You’ve driven by it countless times - the construction going on at 143 Main Street, the building that formerly held the office for Shane Hobel’s The Mountain Scout Survival School. Prior to that storefront, the space was the location for the art gallery Fovea before it moved across and up the street to the second floor of Hudson Beacon Glass.
Slated for a Saturday, November 10, 2018, grand opening, Utensil Kitchenware, owned by Emily Burke, will move from her location on the east end of town to this larger, fully renovated space on the West End. Emily and her architect husband designed it specifically to fit the kitchenware store.
The store has always held a cozy collection of pretty much any kitchenware item you needed - or didn’t know you needed - and now will offer an interactive demonstration space so that you can learn how to use the gadgets that Emily has discovered. The front doors have been expanded to be double doors, the front windows enlarged. If you’ve walked by, you may have seen exciting red ceiling beams on the inside.
The building Utensil originally opened in is currently for sale. Says Emily of her new location: “I am really excited about this new chapter. Although I will miss the East End, I think the community will like the new location too. I secured a long-term lease at 143 Main Street a very fair rate. The building owner is a great guy who really cares about Main Street, the tenants and building renovations.”
Fun Fact for Beacon Trivia Lovers: This is not Emily’s first time working on this end of town. She worked at the home decor shop, Global Home, before it pulled up its pins several years ago. That location was later occupied by Nella’s Bellas, and now Darryl’s Contemporary Women’s Clothing. (A brand new shop… looks like they are also in Rhinebeck and NYC on Amsterdam of the UWS… We are investigating!)
West End Of Beacon’s Main Street Is Basically Getting Renovated
There’s a lot going on at this end of town - referred to often here as “the west end of town near the train” - from building renovations to business relocations. This change started when a large swath of property - 20 parcels - changed hands from the Piccone family (see our coverage in “Top Nabisco Pressman Starts Over At Age 54 To Open Salon - Mr. Bell’s Story”) to new owners in one of the largest real estate deals in Beacon’s history.
Storefront shops always come and go on any Main Street, but taking a moment to reflect on what’s going on, not only has their been an ongoing Shopping Guide Shuffle since the summer, but there are building improvements as well.
Renovations Have Begun
At first blush, one might think that a bunch of new businesses are moving in. However, Beacon businesses already located here, for the most part, are simply moving around. The first major move and renovation was to Colorant’s space, which used to be a seasonal pop-up shop in Beacon Healing Massage’s space, which is right next door to the (now former) Mountain Scout office. Beacon Healing Massage’s new neighbor will be Utensil.

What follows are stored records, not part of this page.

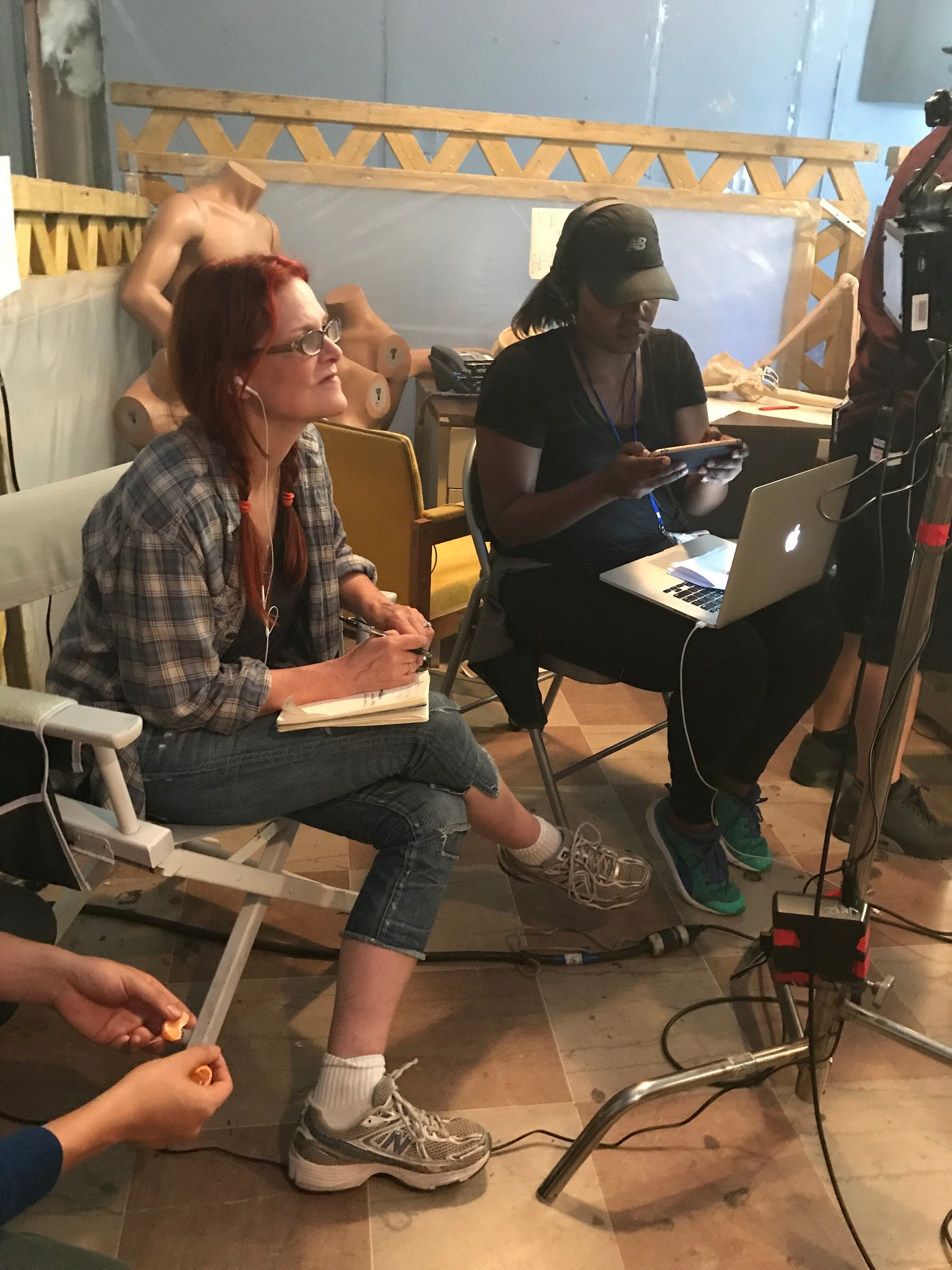 Anne Welles smiling at monitor on set
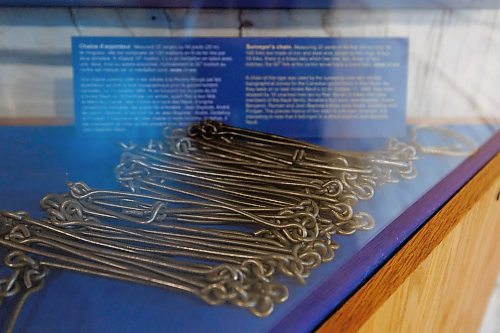 MIKE DEAL / WINNIPEG FREE PRESS
The Louis Riel Exhibit at the St. Boniface Museum.
Surveyor's chain. Measuring 22 yards or 66 feet (20 m) long, its 100 links are made of iron and steel wire, joined by two rings. Every 10 links, there is a brass tally which has one, two, three, or four notches; the 50* link at the centre would have a round tally. 
A chain of this type was used by the surveying crew who did the topographical survey for the Canadian government in Red River. As they were on or near Andre Nault's lot on October 11, 1869, they were stopped by 16 unarmed men led by Riel. Seven of these men were members of the Nault family, Amable's four sons Jean-Baptiste, Andr&#xe9;, Benjamin, Romain and Jean-Baptiste's three sons Andre, Godefroy and Prosper. The precise history of this chain is unknown; however, it is interesting to note that it belonged to a descendant of Jean-Baptiste Nault.
240206 - Tuesday, February 06, 2024.
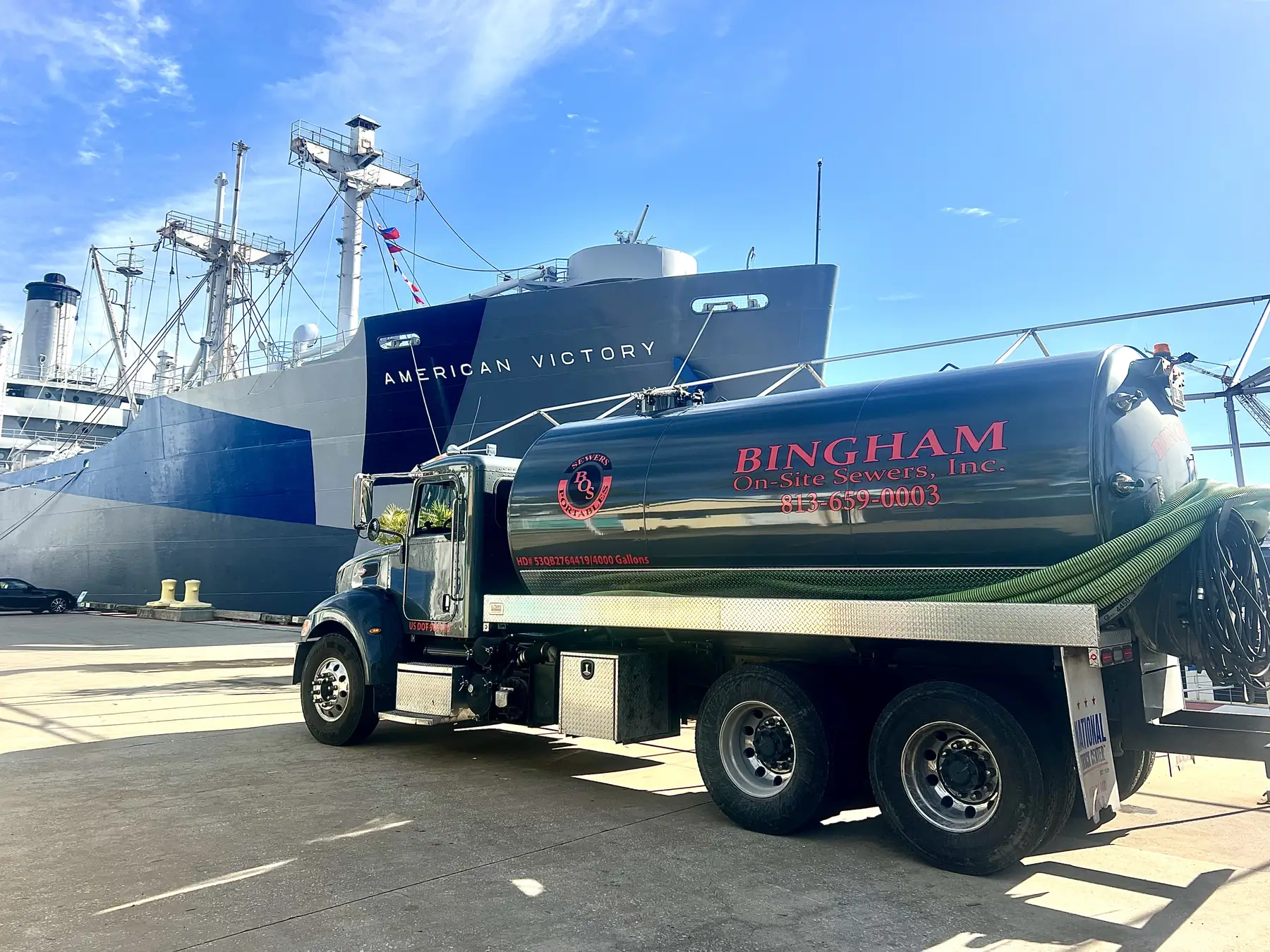 Bingham On-Site Sewers pump truck at the port beside the American Victory ship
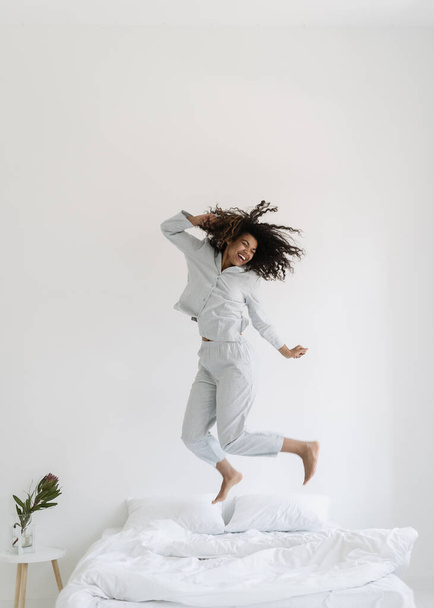 Vertical view of happy mixed race woman dancing in morning, jumping over bed in pajamas. Excited female spending day of in hotel or at home, having fun, feeling joyful mood. Careless, carefree concept - Photo, Image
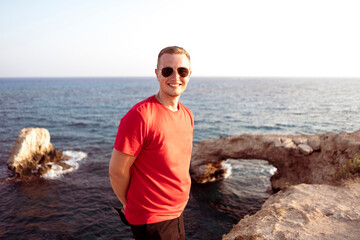 a young man standing on the sea coast, portrait on summer day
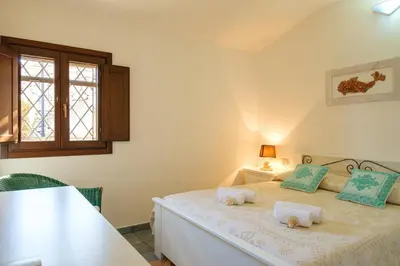 Letto o letti in una camera di [Incantevole Villetta]con Giardino e Vista mare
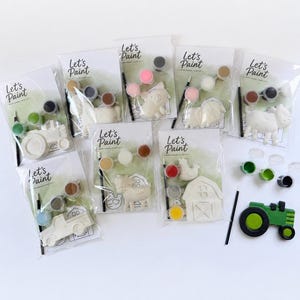 May include: A collection of paint-your-own farm animal and vehicle kits. Each kit includes a plaster figure, paint pots, and a paintbrush. The kits feature a tractor, truck, pig, sheep, cow, chicken, and barn. The packaging reads "Let's Paint".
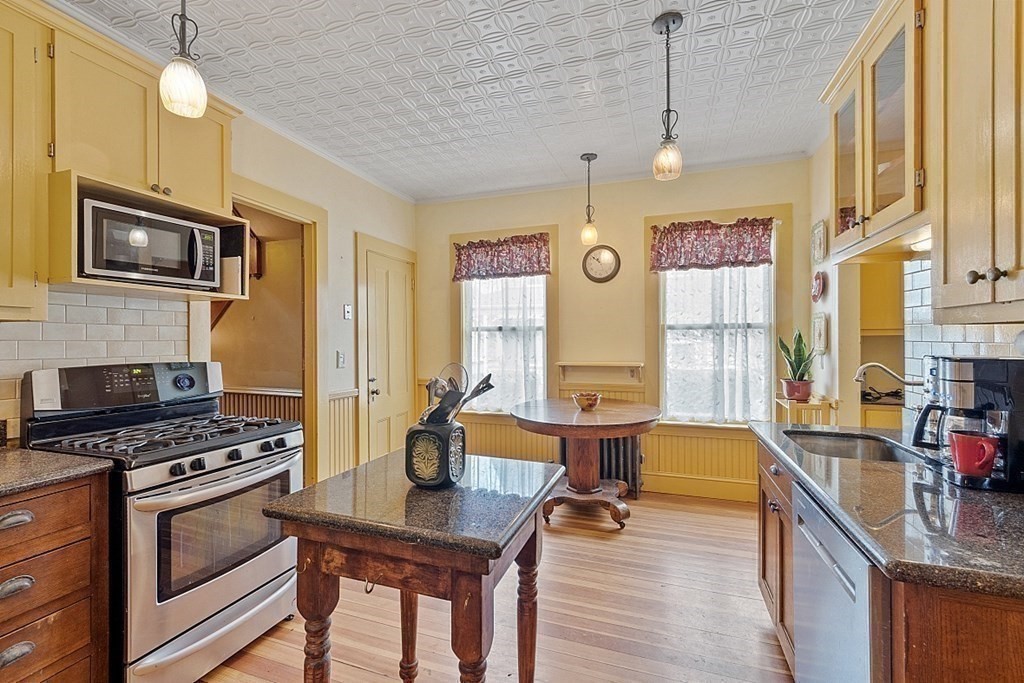 39 Maple Street Stoneham, MA 02180 - Photo 20 of 40 a kitchen with stainless steel appliances kitchen island granite countertop a stove a sink and a microwave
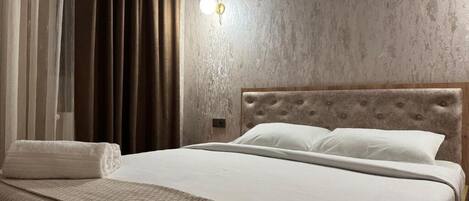 1 غرفة نوم وملاءات أسرّة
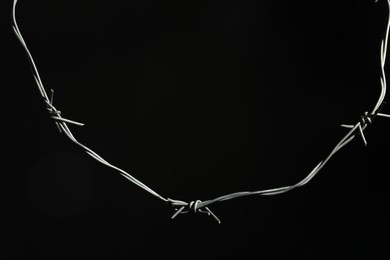 Photo of Shiny metal barbed wire on black background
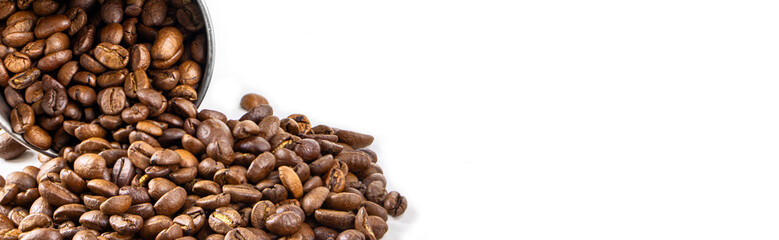 Roasted coffee beans in metal cup isolated on a white background.Copy space. Banner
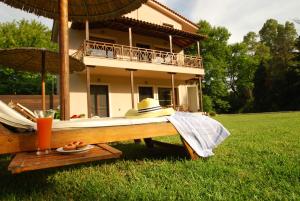 a bed in front of a house in the grass at Jasmin Apartments in Skiathos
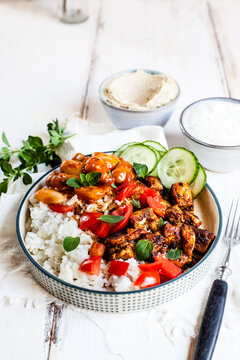 Bowl of Greek gyro with rice, fava beans, halloumi cheese, tomatoes and cucumbers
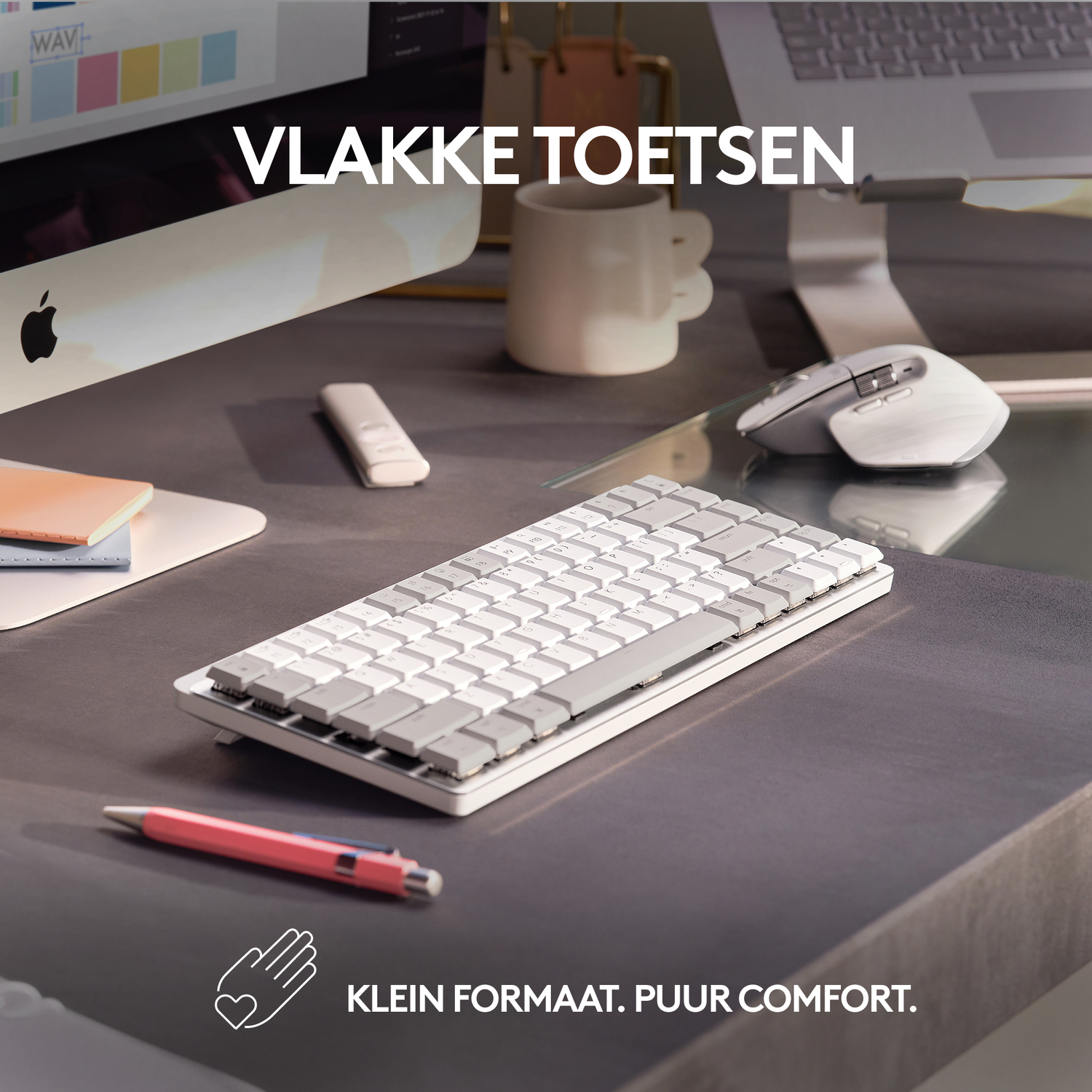 Wit toetsenbord op een grijs bureau. Er is een koffiemok, muis en een rode pen.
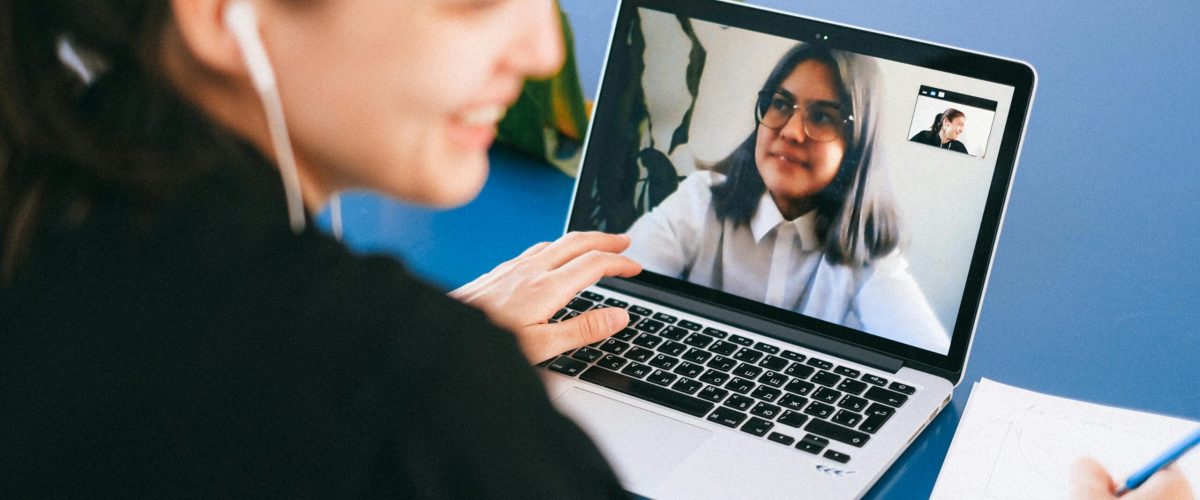 Woman having a video conference on a laptop, smiling and taking notes.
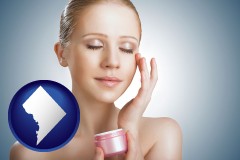 washington-dc a woman applying skin cream to her face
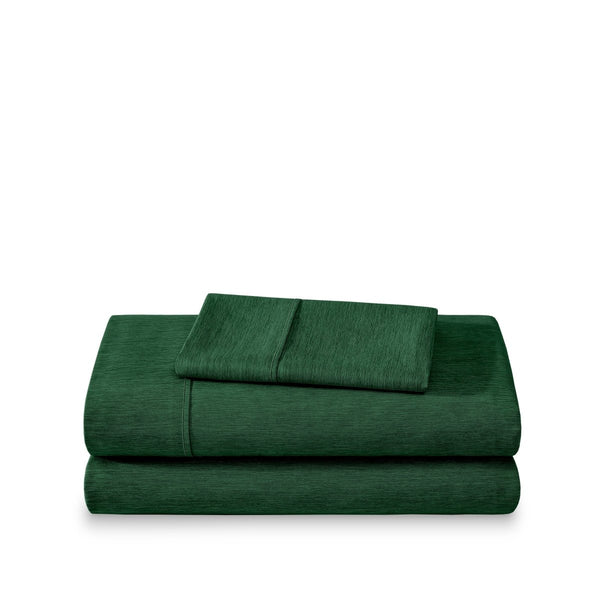 Set of bed sheets folded on a white background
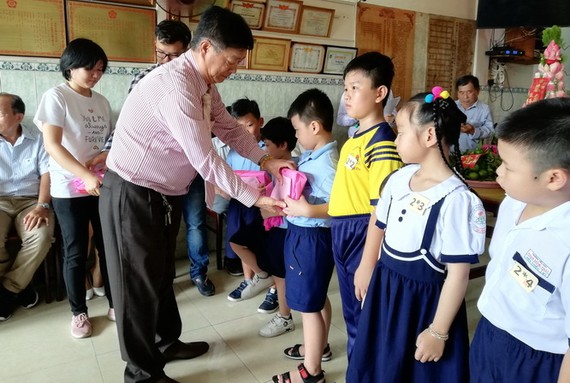 鄧氏宗祠理事長鄧栢榮向小學生們頒獎。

Colorant transitioned into a perma-pop-up in the Beacon Healing Massage space, and then officially moved out and across the street into the studio where Miss Vickie hung her musical shingle - but not before that space was totally renovated for Colorant. Miss Vickie has since moved to another location owned by the same people a few blocks up, down the alley near the shoe cobbler and Mr. Bell’s barbershop.
reMADE, the boutique carrying handmade Hudson Valley items recently closed, yet the space has re-opened as a new store - Lewis and Pine. The new shop, however, occupies half the space. The store was essentially two stores inside with an existing wall and door separating the two. This can make for an awkward layout - or not - depending on how you set it up. The space will now be two storefronts.
Says Liz Ferrera, owner of reMADE and PAX Studios of her decision to close the shop: “For me personally, the decision to close reMADE was primarily ‘life getting in the way.’ More specifically, aging parents and my desire to learn all that I can from them while I have the opportunity. The maker community in the Hudson Valley is just incredible! The craftsmanship and creativity that I saw being produced just blew me away. Educating people on the benefits of handmade will continue to be my passion.”
Wait - Where Is Mountain Scout Going?
The inside of the Mountain Scout office was really neat, and was set up as if you were outside in the wilderness. The Mountain Scout trains in survival tactics in the wilderness and taps into primitive stuff we humans otherwise may have disconnected from thanks to modern technologies. The true training takes place on several acres of land that Mountain Scout owns in Hopewell Junction, just 5 minutes from I-84 or the Taconic.
The big, tan Mountain Scout passenger van you see driving around Beacon is part of their offerings of shuttling clients to and from the Beacon train station to their land in Hopewell Junction for workshops or private trainings. His classes are just so neat - you should check them out for survival tactics for kids or adults, including Family Emergency Planning.
Meanwhile… On The East Side Of Beacon Near The Mountain
There are incredible finds! So many shops, galleries and eateries. We have a few articles slated to tell you about them, but a lot of good stuff. Loopy Mango (giant yarn), the No. 3 Reading Room for extremely rare art books and interesting print things not found in art galleries or book stores, The Vault for creative cocktails and one of the best baby kale Caesar salads, and Jeffrey Terreson’s curious dimensional paintings.